Phoebe Waller-Bridge has admitted she is hoping for change in the wake of the #MeToo and Time's Up movements.
The 32-year-old actress has spoken out in defence of the two movements - which were born out of the recent sexual harassment scandal in Hollywood, and aim to bring an end to gender inequality - and has praised "female anger" for helping to "motivate and galvanise" people into getting involved with the pursuit of change.
She said: "It feels like, recently, a lot of female anger has been unleashed. Articulated anger. Which is exciting for me because I've always found female rage very appealing. I think rage can be something that motivates and galvanises and changes things, and I think that's what's happening now.
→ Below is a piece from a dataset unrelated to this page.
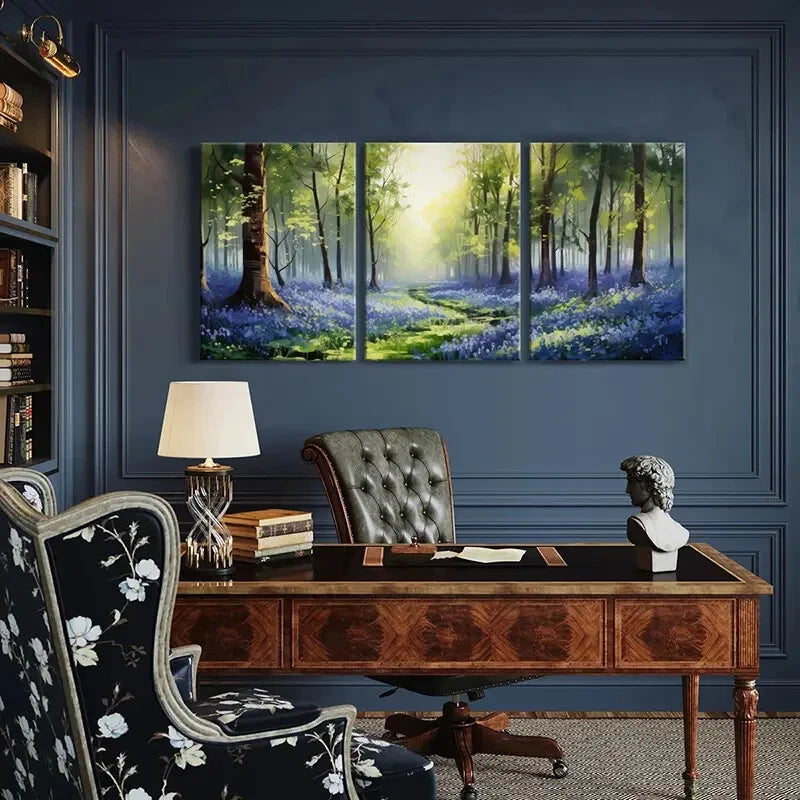 3pcs Bluebell Flowers Sunshine Natural Landscape Metal Print Ready to Hang Art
It has a forward motion to it."
The 'Solo: A Star Wars Story' star also credited both movements for helping women to feel "genuinely empowered" by the progress being made, and insisted she would continue to make "outspoken" programmes such as her hit show 'Fleabag' in order to push for "fundamental system change".
Speaking to the May issue of Vogue magazine, Phoebe added: "The #MeToo and Time's Up movements have been a roar on behalf of women, and the voices are genuinely empowered now. I really feel that. I really hope [we see change]. But I suppose there's a risk that it's all just so much talking when we need to see the actual fundamental system change. I know that the more work I make and the more powerful I get, the more outspoken and controlling I'm going to be about that sort of stuff."
Phoebe's comments come after several Hollywood stars have also spoken out in favour of the movements, with Jessica Chastain even urging men who have been the victim of sexual harassment to start their own campaign.
She said: "I think, men also suffer a lot, because of the circumstances we live in ... Worldwide, the suicidal rate among men is much higher than that among women. No one talks about that. That's ultimately linked to our idea of the sexes, which only allows a strong man, but none that shows his feelings ... Of course, a man can be ambitious or whatever he wants to be. But he needs to be able to handle his own feelings competently. That's something I long for and it's the kind of character I encounter in my life again and again: men, who express their feelings openly."